PBX hacked with plenty of foreign numbers outbound calls

FreePBX Security
1

Hello,

I am trying to understand, how someone could dial out to foreign numbers from our FreePBX.

The logfile has entries of kind of:

pbx.c: Executing [0037052871640@from-internal:1] Macro("Local/0037052871640@from-internal-00000052;2", "user-callerid,LIMIT,EXTERNAL,") in new stack

Dialing out from legit extensions normally would state the extension number in kind of
pbx.c: Executing [legit-number@from-internal:1] Macro("PJSIP/2098-00000000", "user-callerid,LIMIT,EXTERNAL,") in new stack

How may I find out, from where the attack came? Our PBX is externally reachable via UDP 5060 and nothing else.

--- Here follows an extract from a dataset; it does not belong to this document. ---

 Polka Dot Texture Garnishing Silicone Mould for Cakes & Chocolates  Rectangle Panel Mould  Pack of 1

Edit: The PBX is as well externally reachable on port 80 http because of letsencrypt.

2

You need to look back i the logs to find out what created the Local channel. It could be:

  • a Dial() issued by the real culprit channel;
  • a Queue() issued by the real culprit channel;
  • a (blind) transfer initiated by the real culprit;
  • an AGI script run from the real culprit channel;
  • AMI, through compromised port 5038 access;
  • a call file, from a completely compromised server.

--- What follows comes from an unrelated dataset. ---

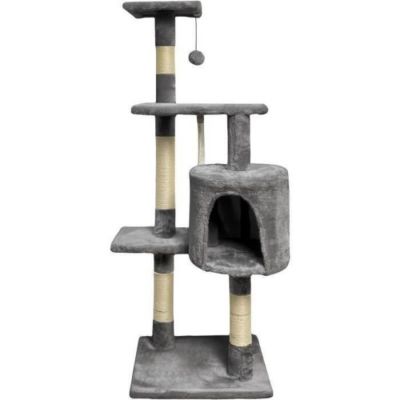 PALOMA Arbre a chat gris foncé 40 x 40 x 114cm - 3 plateformes, 1 corde, 1 niche , poteaux a griffer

In some of these cases the local channel will optimise out when the call is answered, leaving the culprit channel exposed.

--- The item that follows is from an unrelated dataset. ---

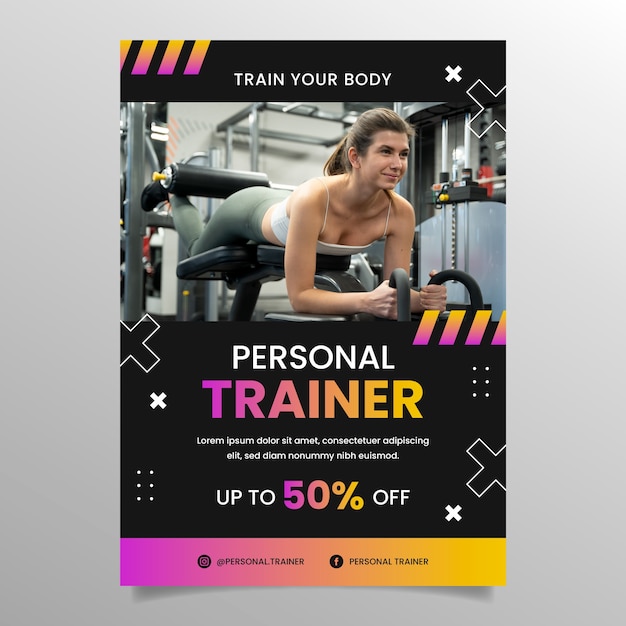 Vector gratuito plantilla de póster de entrenador personal degradado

Also, note that the current advice is to never expose port 5060, or any other commonly used SIP port, but rather change that to one you have chosen randomly, unless your ITSP doesn’t allow this, in which case you first change the ITSP.

1 Like
3

Thanks for your quick response. For which patterns do I have to look in the logs? Is it the “Spawn extension” part?

4

Anything referring to a Local channel, and what precedes it.

5

Found something like this:

[C-00000026] pbx.c: Executing [s@macro-dialout-trunk:24] AGI("Local/0015442037694207@from-internal-00000025;2", "agi://127.0.0.1/sangomacrm.agi") in new stack

[C-00000026] res_agi.c: <Local/0015442037694207@from-internal-00000025;2>AGI Script agi://127.0.0.1/sangomacrm.agi completed, returning 0

Seems like I have to work through documentation whether our PBX need those AGI functions or not. Is it possible to block that external requests via firewall rules?

6

Please post the output of:

grep C-00000026 /var/log/asterisk/full* | pastebin

Source: https://wiki.freepbx.org/display/SUP/Providing+Great+Debug#ProvidingGreatDebug-AsteriskLogs-PartII

7
8

I have updated our PBX this morning. The restapps version was 15.0.19.88. I think there is no further research necessary. I have secured outbound calls to foreign numbers with a PIN as well and will reconsider if it is actually necessary that our PBX is publicly reachable.

Thanks a lot for the quick help and responses!

9

I personally think that you should destroy that PBX and restore from the last good backup.

Your entire server may be compromised

3 Likes
10

Ok, seems like the best idea then. Thanks for your advice.

11

+1 for this.

After a compromise, the ONLY proper solution is to nuke-and-pave.

2 Likes
12

Had exactly the same issue. Luckily our provider blocked the calls so no costs incurred :sweat_smile:

Nuke & restore from latest Backup was also our course of action. Then we upgraded all Modules to the latest version before allowing Access from the Internet again. Also enabled the Responsive Firewall to only allow HTTP Access after SIP is connected :crossed_fingers:

13

This topic was automatically closed 7 days after the last reply. New replies are no longer allowed.